▶ [PROBLEM DESCRIPTION]: Restate every line below word for word, but drop each picture.

▶ [EXERCISE DATA]:
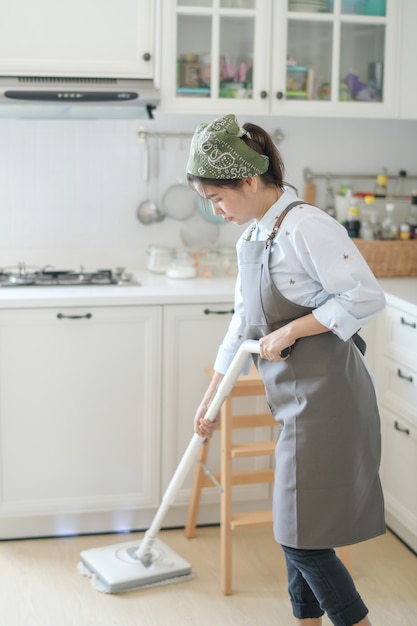 Une Jeune Femme De Chambre Nettoie La Maison Avec Une Vadrouille Il Y A Une Toile De Fond De Cuisine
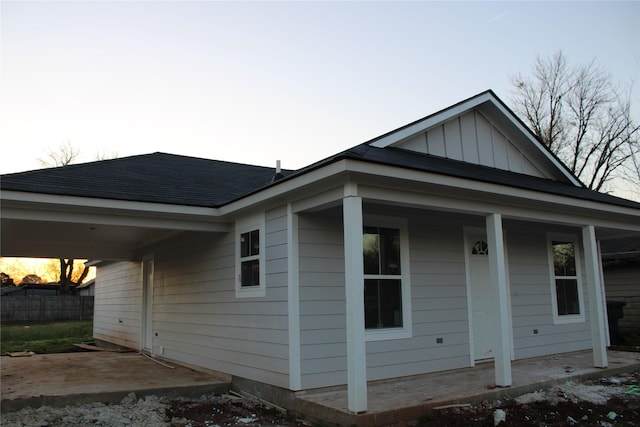 view of front of house with a shingled roof, board and batten siding, and fence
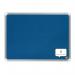 In the photo, there is a blue ACCO Brands Noticeboards Nobo Premium Plus Felt Notice Board measuring 600x450mm. The luxurious texture of the felt is evident as it covers the entire board, providing a smooth surface for pinning notes and important documents. The edges are neatly framed with a durable silver border, adding a touch of sophistication. Various colorful push pins are scattered across the board, holding up a mixture of handwritten reminders and printed materials. In the background, a well-lit wall can be seen, emphasizing the clean lines and modern design of the notice board.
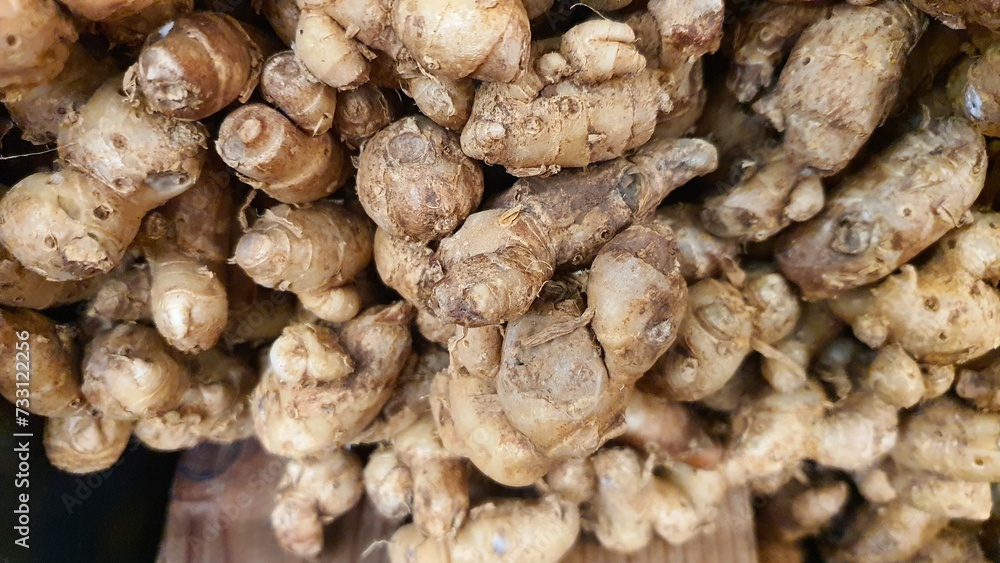 Close up pile of tasty fresh ginger sold at the market as a background. Close up pile of tasty fresh ginger sold at the market as a background.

▶ [WRITTEN ANSWER]:
 Une Jeune Femme De Chambre Nettoie La Maison Avec Une Vadrouille Il Y A Une Toile De Fond De Cuisine
 view of front of house with a shingled roof, board and batten siding, and fence
 In the photo, there is a blue ACCO Brands Noticeboards Nobo Premium Plus Felt Notice Board measuring 600x450mm. The luxurious texture of the felt is evident as it covers the entire board, providing a smooth surface for pinning notes and important documents. The edges are neatly framed with a durable silver border, adding a touch of sophistication. Various colorful push pins are scattered across the board, holding up a mixture of handwritten reminders and printed materials. In the background, a well-lit wall can be seen, emphasizing the clean lines and modern design of the notice board.
 Close up pile of tasty fresh ginger sold at the market as a background. Close up pile of tasty fresh ginger sold at the market as a background.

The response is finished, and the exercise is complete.